Baseline Guide

Tumult’s baseline engine replaces static thresholds with data-driven tolerance derivation. Instead of guessing “latency must be < 500ms”, the engine measures the system and derives “latency should stay within 2 standard deviations of the measured 45ms mean.”

Baseline Methods

Static

Fixed thresholds — compatible with traditional chaos tools.

baseline:
  method: static
  tolerance_lower: 0
  tolerance_upper: 500

Mean ± Nσ (Mean Standard Deviation)

Derives bounds from the arithmetic mean plus/minus N standard deviations. Best for normally distributed metrics like throughput and connection counts.

baseline:
  method: mean_stddev
  duration_s: 120
  interval_s: 2
  sigma: 2.0

With σ=2, approximately 95% of normal values fall within the bounds.

Percentile

Uses a percentile value with a safety multiplier. Best for latency metrics which are typically right-skewed.

baseline:
  method: percentile
  duration_s: 120
  interval_s: 2
  percentile: 95
  multiplier: 1.2

The threshold is p95 × 1.2, giving 20% headroom above the observed 95th percentile.

IQR (Interquartile Range)

Robust to outliers. Uses Q1 - 1.5×IQR to Q3 + 1.5×IQR. Best for noisy environments.

baseline:
  method: iqr
  duration_s: 120
  interval_s: 2

Baseline Phases

Warmup

The first N seconds of baseline collection are discarded. This accounts for system settling time (cold caches, connection pool initialization).

baseline:
  warmup_s: 15
  duration_s: 120

Anomaly Detection

Before deriving thresholds, the engine checks if the baseline data itself is anomalous:

High variance: coefficient of variation > 0.5 (50%)
Extreme range: max - min > 10× the median
Insufficient samples: fewer than the minimum required

If an anomaly is detected, the experiment can either:

Abort with a warning (default)
Continue with a flag in the journal

The anomaly check emits a anomaly.detected span event on the baseline.acquire span, visible in your OTel backend. The span status is set to ERROR when an anomaly is found.

Recovery Detection

After fault removal, the engine scans post-fault samples to find the recovery point — the first index where all subsequent samples are within tolerance. This gives the MTTR (Mean Time to Recovery).

Compliance Ratio

The proportion of post-fault samples within tolerance bounds. A ratio of 1.0 means full recovery; 0.5 means half the post-fault samples breached the baseline.

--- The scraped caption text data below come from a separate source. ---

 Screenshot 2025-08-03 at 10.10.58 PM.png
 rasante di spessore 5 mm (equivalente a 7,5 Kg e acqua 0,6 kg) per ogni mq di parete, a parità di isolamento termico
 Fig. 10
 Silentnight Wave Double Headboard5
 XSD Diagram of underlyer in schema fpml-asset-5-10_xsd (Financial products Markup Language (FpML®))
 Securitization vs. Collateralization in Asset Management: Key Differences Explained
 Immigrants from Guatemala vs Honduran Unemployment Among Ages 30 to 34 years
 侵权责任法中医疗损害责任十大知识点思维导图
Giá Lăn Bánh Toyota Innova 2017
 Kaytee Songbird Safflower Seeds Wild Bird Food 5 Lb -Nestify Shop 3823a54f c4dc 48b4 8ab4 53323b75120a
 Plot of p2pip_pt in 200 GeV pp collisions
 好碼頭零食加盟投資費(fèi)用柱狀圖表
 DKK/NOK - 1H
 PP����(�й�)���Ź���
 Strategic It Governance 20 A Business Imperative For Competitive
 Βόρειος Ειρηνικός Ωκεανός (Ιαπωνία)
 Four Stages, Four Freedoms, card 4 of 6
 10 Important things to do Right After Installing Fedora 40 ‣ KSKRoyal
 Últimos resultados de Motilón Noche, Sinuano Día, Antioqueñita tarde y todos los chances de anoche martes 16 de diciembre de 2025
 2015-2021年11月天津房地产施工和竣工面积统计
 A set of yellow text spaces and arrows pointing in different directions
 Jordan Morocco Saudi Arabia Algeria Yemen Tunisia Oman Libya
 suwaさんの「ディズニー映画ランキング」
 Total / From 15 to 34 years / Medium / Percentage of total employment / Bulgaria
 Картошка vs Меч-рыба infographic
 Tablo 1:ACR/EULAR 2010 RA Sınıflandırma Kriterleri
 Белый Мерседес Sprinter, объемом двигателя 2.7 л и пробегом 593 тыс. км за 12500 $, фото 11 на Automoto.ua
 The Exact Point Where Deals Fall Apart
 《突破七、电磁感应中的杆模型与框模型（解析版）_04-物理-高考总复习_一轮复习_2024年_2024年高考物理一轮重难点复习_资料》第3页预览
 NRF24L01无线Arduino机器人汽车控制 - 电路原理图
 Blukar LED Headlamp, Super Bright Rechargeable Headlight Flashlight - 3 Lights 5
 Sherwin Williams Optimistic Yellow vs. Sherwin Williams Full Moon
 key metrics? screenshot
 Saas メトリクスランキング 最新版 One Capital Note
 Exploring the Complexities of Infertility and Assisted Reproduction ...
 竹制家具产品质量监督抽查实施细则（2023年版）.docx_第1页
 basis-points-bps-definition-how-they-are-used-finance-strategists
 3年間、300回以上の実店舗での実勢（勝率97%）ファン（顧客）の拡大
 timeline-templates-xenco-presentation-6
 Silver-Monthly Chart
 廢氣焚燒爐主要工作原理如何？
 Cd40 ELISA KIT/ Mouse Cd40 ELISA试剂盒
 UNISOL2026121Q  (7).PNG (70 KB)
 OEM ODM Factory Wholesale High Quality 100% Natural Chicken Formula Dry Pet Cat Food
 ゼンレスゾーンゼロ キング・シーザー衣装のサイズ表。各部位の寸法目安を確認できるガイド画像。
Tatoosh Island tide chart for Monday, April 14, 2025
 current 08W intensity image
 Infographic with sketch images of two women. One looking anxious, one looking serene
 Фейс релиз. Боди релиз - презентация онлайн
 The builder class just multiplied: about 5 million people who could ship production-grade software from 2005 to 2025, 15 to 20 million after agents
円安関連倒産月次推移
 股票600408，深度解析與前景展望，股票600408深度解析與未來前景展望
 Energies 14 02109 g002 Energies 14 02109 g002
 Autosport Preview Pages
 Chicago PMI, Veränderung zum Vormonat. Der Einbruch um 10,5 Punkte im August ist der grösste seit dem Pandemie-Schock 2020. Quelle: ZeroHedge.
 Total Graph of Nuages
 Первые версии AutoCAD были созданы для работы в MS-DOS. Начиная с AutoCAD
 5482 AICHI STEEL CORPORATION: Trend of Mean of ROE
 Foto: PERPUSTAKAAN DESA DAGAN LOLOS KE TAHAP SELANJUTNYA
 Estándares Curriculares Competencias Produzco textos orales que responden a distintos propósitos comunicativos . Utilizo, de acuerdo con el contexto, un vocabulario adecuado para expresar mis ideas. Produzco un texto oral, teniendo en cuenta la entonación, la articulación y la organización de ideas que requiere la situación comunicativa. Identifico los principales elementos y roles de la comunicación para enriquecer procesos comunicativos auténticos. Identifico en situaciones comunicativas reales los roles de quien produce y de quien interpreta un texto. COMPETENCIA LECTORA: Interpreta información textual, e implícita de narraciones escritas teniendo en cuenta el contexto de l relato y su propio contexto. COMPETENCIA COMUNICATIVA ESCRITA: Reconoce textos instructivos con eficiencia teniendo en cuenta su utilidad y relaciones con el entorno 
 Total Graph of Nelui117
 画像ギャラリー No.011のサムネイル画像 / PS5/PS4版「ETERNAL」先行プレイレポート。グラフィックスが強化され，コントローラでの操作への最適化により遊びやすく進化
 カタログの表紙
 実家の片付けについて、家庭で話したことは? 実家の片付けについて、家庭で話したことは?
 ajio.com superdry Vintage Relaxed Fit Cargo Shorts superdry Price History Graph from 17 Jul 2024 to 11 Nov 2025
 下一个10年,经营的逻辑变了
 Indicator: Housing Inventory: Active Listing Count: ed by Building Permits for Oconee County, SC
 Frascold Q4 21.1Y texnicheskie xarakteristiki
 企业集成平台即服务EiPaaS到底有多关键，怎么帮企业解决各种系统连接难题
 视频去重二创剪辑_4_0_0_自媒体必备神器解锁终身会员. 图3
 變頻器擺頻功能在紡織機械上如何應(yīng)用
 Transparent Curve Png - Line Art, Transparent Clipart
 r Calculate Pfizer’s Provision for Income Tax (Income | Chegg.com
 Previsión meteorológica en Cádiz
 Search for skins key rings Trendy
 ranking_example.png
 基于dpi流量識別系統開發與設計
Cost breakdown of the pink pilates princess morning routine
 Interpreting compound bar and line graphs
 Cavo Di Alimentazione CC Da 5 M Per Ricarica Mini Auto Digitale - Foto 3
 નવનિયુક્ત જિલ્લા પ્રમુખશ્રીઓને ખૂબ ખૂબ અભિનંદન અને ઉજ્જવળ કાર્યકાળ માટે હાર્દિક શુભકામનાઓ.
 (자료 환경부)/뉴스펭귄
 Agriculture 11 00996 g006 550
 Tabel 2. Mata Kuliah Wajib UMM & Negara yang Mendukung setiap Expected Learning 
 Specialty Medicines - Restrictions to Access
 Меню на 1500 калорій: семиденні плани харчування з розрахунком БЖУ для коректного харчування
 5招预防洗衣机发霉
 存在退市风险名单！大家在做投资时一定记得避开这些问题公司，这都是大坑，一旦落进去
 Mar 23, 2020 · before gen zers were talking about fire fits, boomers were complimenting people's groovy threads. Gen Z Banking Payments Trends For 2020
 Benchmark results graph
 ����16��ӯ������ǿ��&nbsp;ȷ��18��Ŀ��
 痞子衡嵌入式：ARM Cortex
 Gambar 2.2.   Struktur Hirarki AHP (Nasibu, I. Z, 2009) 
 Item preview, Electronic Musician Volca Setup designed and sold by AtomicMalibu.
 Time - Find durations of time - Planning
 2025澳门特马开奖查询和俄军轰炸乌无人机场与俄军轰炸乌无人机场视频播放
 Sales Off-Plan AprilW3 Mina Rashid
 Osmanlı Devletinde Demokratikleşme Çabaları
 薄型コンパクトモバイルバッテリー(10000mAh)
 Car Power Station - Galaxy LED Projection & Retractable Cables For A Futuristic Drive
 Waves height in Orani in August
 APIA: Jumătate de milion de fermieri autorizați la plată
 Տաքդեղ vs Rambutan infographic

Streaming Acquisition (`AcquisitionStream`)

For advanced use cases (custom probes, incremental data feeds), tumult-baseline exposes AcquisitionStream — a streaming interface that accepts samples one at a time rather than collecting a full dataset upfront:

use tumult_baseline::{AcquisitionStream, BaselineConfig};

let config = BaselineConfig {
    method: BaselineMethod::MeanStddev,
    sigma: 2.0,
    ..Default::default()
};

let mut stream = AcquisitionStream::new("api-latency", config);

// Feed samples incrementally (e.g., from a live probe loop)
stream.push(45.2);
stream.push(47.8);
stream.push(43.1);

// Derive tolerance bounds at any point
if let Some(result) = stream.derive() {
    println!("lower={}, upper={}", result.lower, result.upper);
}

This is used internally by the runner for live baseline capture and is also available to custom integrations.

Choosing a Method

Metric Type	Recommended Method	Why
Latency (p50, p95, p99)	Percentile	Latency distributions are skewed
Throughput (req/s)	Mean ± Nσ	Throughput is approximately normal
Error rate	Mean ± Nσ with σ=2	Error rates are bounded 0-1
Connection count	Mean ± Nσ	Counts are approximately normal
Binary health check	Static (0 or 1)	No distribution to measure
Noisy metrics	IQR	Robust to outliers

Property-Based Testing

The statistical functions in tumult-baseline are covered by property-based tests using proptest. These tests generate arbitrary datasets and verify mathematical invariants (e.g., mean is always between min and max, stddev is non-negative) rather than relying on fixed examples. Run them with:

cargo test -p tumult-baseline